Copy every entry as is. Leave images out.
======== EXERCISE DATA
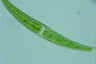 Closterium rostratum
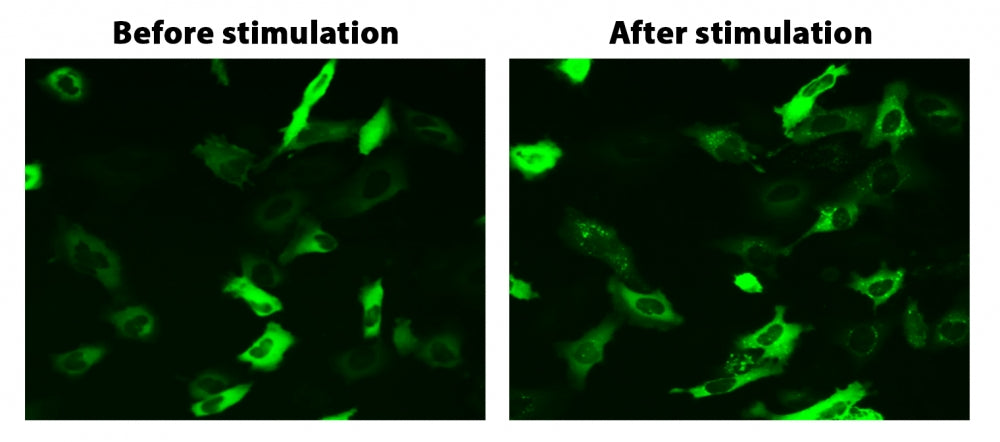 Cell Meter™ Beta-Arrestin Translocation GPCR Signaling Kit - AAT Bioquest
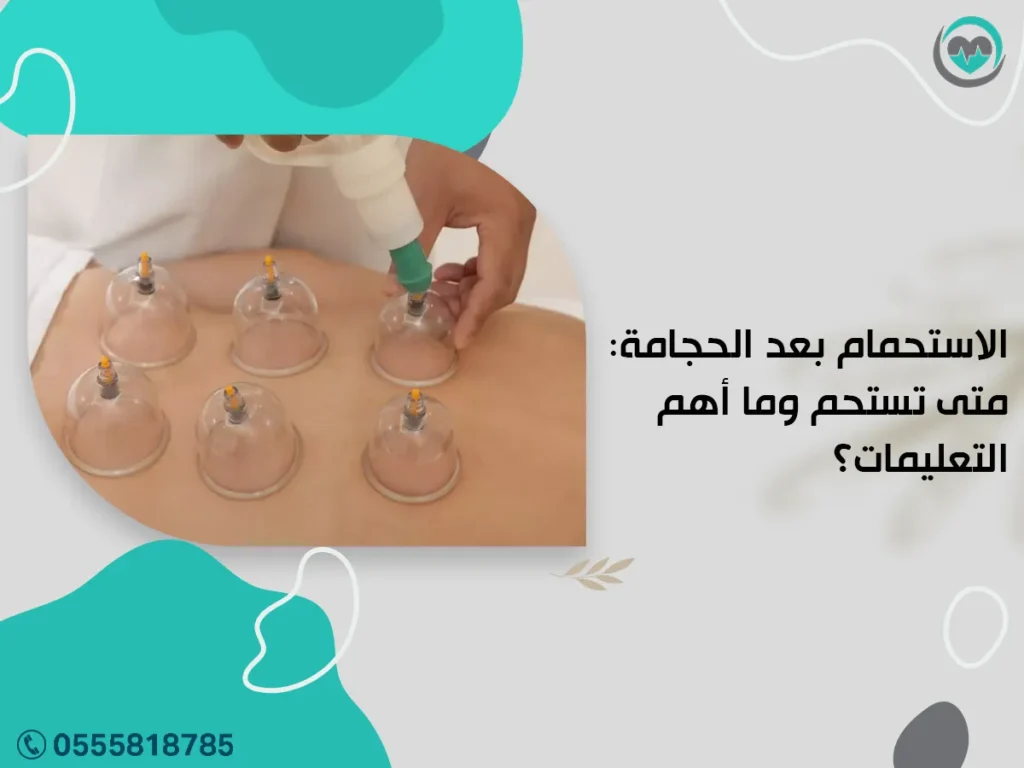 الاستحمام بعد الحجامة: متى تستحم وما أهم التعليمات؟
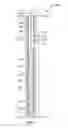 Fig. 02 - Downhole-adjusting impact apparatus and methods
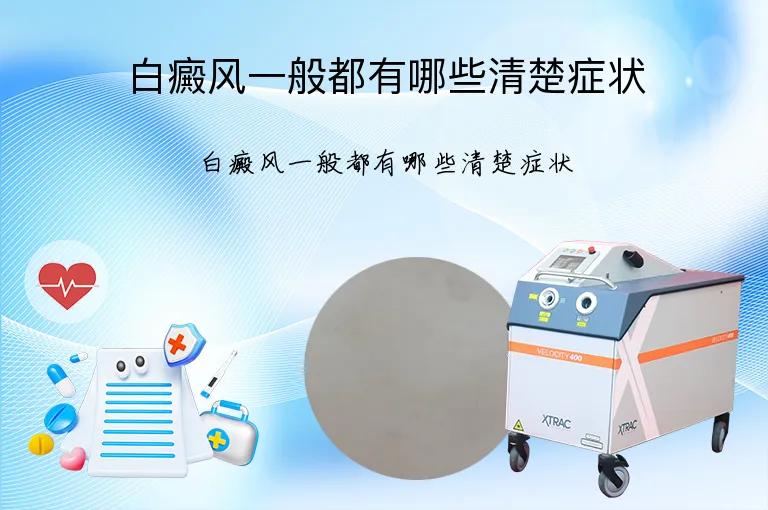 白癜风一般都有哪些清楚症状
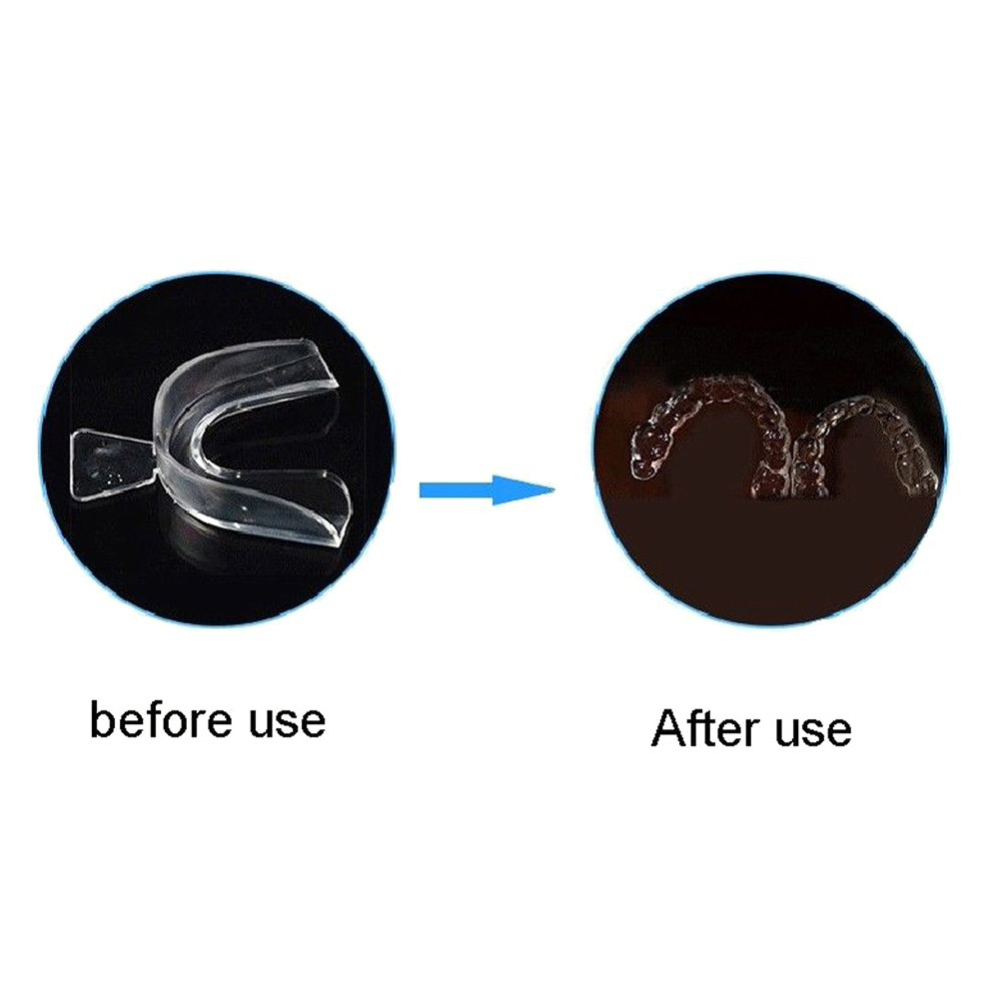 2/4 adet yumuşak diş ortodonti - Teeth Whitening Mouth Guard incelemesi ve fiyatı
================
## RESPONSE BELOW
 Closterium rostratum
 Cell Meter™ Beta-Arrestin Translocation GPCR Signaling Kit - AAT Bioquest
 الاستحمام بعد الحجامة: متى تستحم وما أهم التعليمات؟
 Fig. 02 - Downhole-adjusting impact apparatus and methods
 白癜风一般都有哪些清楚症状
 2/4 adet yumuşak diş ortodonti - Teeth Whitening Mouth Guard incelemesi ve fiyatı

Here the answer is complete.